The technology community has raised urgent concerns over rising cyberattacks, weak software systems and the slow adoption of global quality standards, warning that the country’s digital economy could suffer major disruption if reforms are not prioritised.This warning came at the 8th Annual Conference of the Association of Nigeria Software Testers (ANST).
Experts stressed that trust, quality and resilience must become national imperatives, cautioning that organisations will continue to lose billions if system integrity is not strengthened through structured, globally recognised software testing practices.
Cybersecurity Expert, Oladipo Olasemo, described Nigeria’s cyber-risk environment as “a national call to action”, revealing that the country lost N53.4 billion to cybercriminals in 2024 alone and N1.1 trillion between 2017 and 2023.
Citing global threat intelligence, he warned that cyberattacks targeting Nigeria have surged by 1,047 per cent, one of the fastest increases in the world.
He said: “This is not 104 per cent or 107 per cent, this is 1,047 per cent. We have built an ecosystem and handed the keys to bad actors. If we do nothing, cyber losses could exceed N2 trillion by 2026.”
Olasemo said cybersecurity must be treated as a strategic priority, not a compliance formality. “Security is not a cost. Complacency is the real cost,” he stressed, warning that repeated breaches were damaging investor confidence.
ANST President, Demola Adesina, said Nigeria must urgently adopt structured global standard QA methodologies to avoid system glitches, failures, and outages that lead to massive financial and operational losses for organisations, expose end users to serious security and data-privacy risks, and undermine Nigeria’s global competitiveness as a software-building nation.
He noted that while previous ANST efforts focused on training testers, the association is now pushing outward, educating nd supporting organisations across sectors on the necessity of embedding quality assurance into their operations.

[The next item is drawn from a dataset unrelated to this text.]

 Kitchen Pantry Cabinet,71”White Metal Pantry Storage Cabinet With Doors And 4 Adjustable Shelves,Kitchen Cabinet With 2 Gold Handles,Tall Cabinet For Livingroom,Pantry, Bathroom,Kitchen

“When testing is done properly, applications are stable. Nigeria must become known for stable software. Every organisation must understand this,” he said.
Chief Operating Officer of Sterling Financial Holdings Company, Mr Olayinka Oni, said quality in Nigeria’s digital ecosystem is “no longer negotiable.”

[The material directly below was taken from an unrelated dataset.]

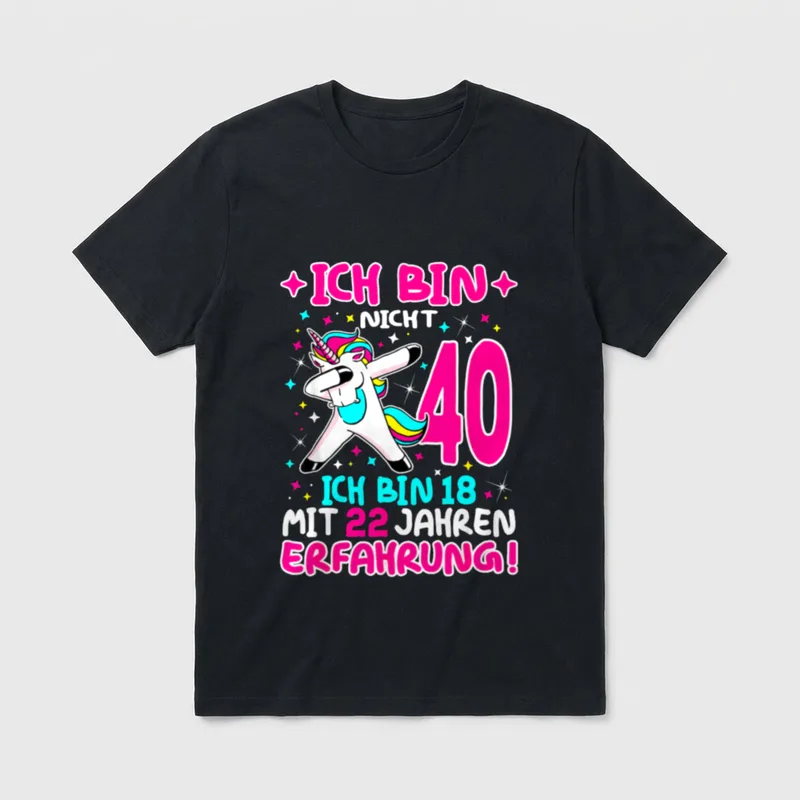 Ich bin nicht vierzig T-Shirt – Klassisches T-Shirt in Schwarz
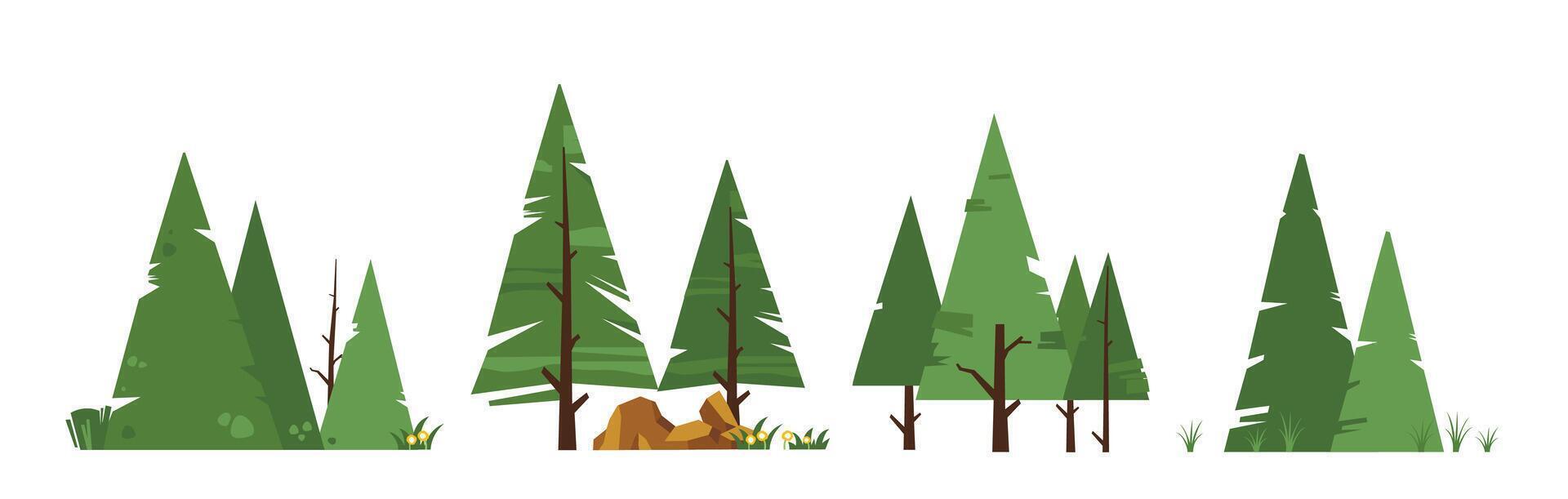 Triangle pine tree landscape icon set, collection of nature panorama illustrations vector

“Quality is the essence. The cost of failure is huge when quality doesn’t exist. Anything that will stand the test of time must be built with quality and integrity from day one,” he said. Oni warned businesses against confusing speed with carelessness.
“This is the moment to raise the bar. Quality compounds; mediocrity also compounds. Nigeria’s digital future depends on the choices we make today.”
Director of Testing Academy Nigeria, Soji Ononuga, highlighted the impact of artificial intelligence on global-quality engineering.
“AI can write test cases, predict defects, analyse behaviour and execute at a scale humans cannot match. The world will always need testers because the world will always need trust,” he said. He called for a national AI testing curriculum, stronger industry, government collaboration, and increased investment in next-generation skills.
Founder, Scandium Systems, Azeez Ogunjobi, introduced the company’s new AI-driven test tool, Rova AI, built to speed up exploratory testing using machine learning.He emphasised that all Scandium products are 100 per cent Made in Nigeria, proving that world-class testing technology can be built locally.